Amberish K Diwanji of Rediff praised the acting performances of Urmila Matondkar, Priyanshu Chatterjee, Manoj Bajpai and the art direction of Muneesh Sappel but criticized the climax of the film. The critic gave the film a rating of 4 out of 5 saying that, "Pinjar is a must-see. Don't miss it." Derek Elley of Variety reviewed the film saying that, "A handsomely shot drama centered on a Hindu woman's travails during the 1947 Partition, "Pinjar" ranks as one of the better Bollywood treatments of this still hot-button issue. Good performances, especially by lead actress Urmila Matondkar and by Manoj Bajpai as her Muslim partner, compensate for a slightly wobbly structure". Kshama Rao of Glamsham said that, "The music (Uttam Singh), the painstaking research (Muneesh Sappel) that has gone into the costumes and set designs is remarkable.

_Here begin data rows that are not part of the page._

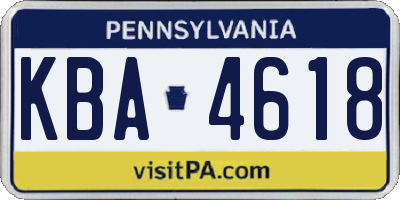 PA license plate KBA4618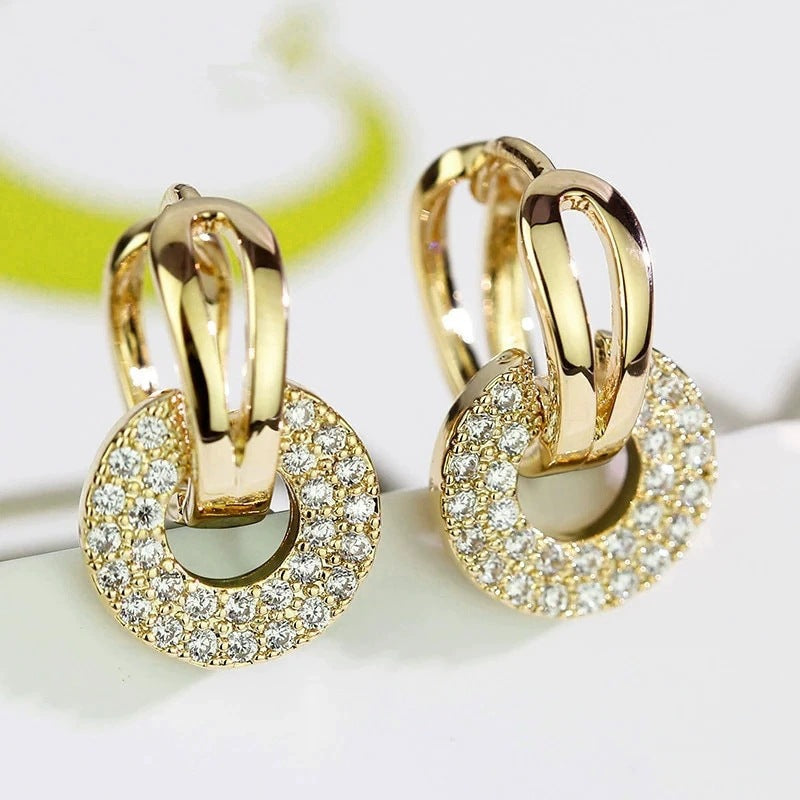 Round Gold Hoop Earrings For Women In With Bezel Setting And Zircon Inlay, Crafted From Copper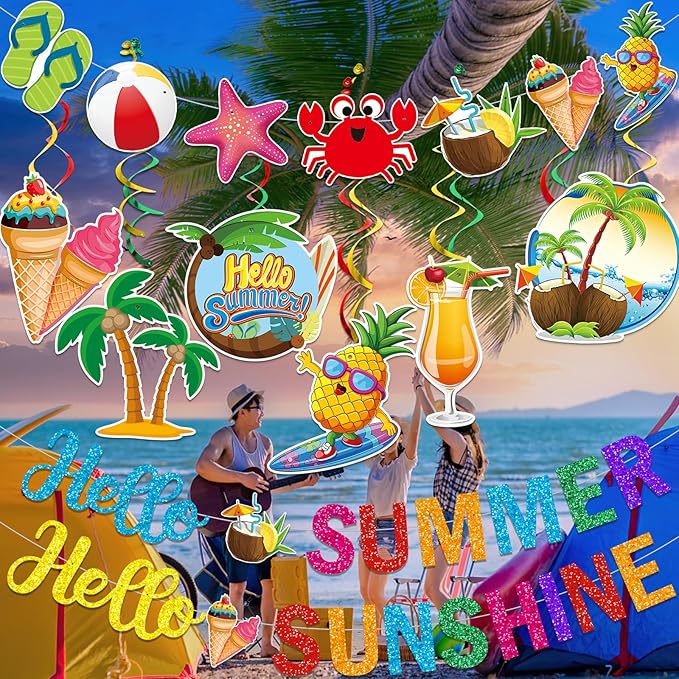 Hello Summer Banner Hello Summer Party Decorations End of School Year Party Decorations Last Day of School Banner Schools Out for Summer Decorations Last Day of School Decorations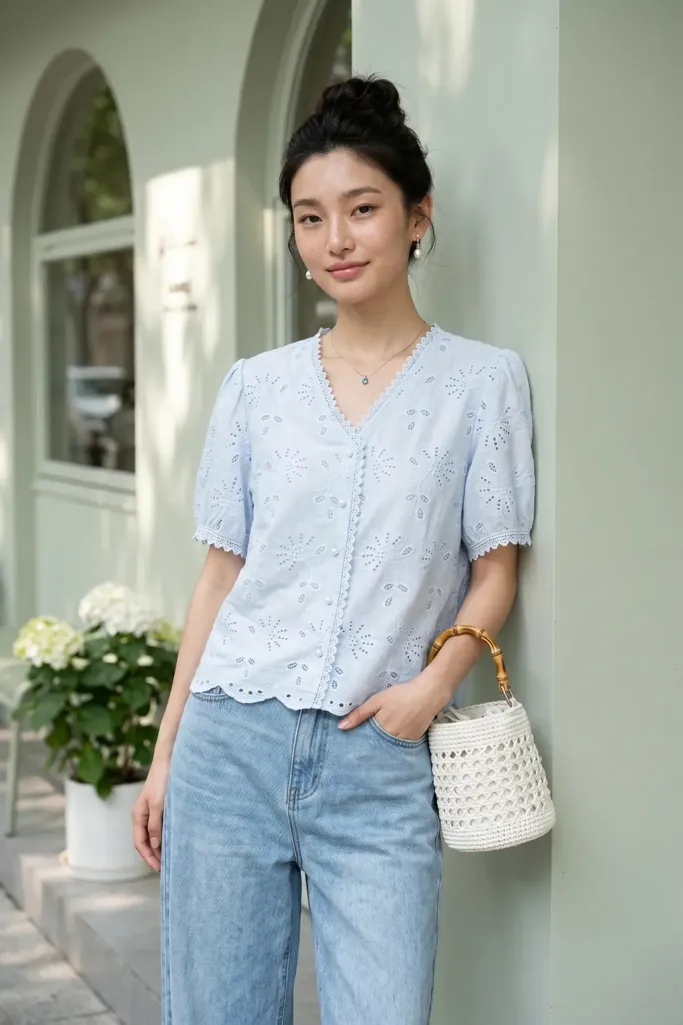 Light Blue Embroidered V-Neck Top - Image 1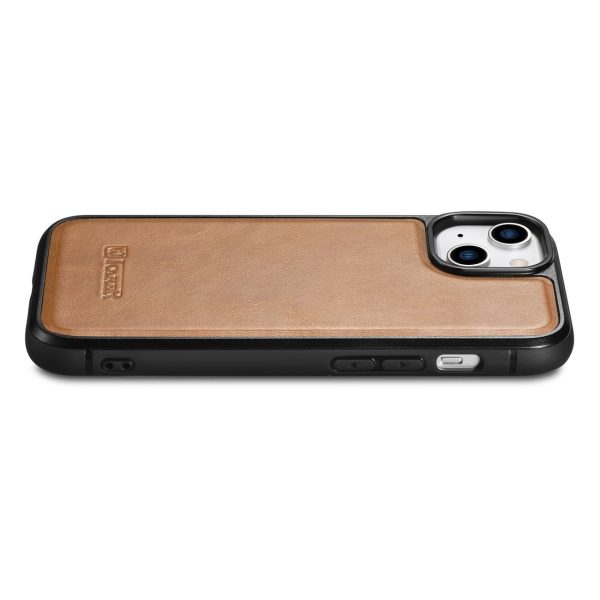 Korpuss, kas pārklāts ar dabīgu ādu iPhone 14 ādas eļļas vaskam, gaiši brūnu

Last but not the least, Dr Dwivedi almost had a winner on hand if he had not taken too long to build up the drama." Anupama Chopra of India Today said that, "While Matondkar struggles to rise above her natural artifice Manoj Bajpai is superb as the angst-ridden Muslim abductor. But the sweat and hard work is stunted by the screenplay. Finally, what could have been a great film remains only a commendable effort."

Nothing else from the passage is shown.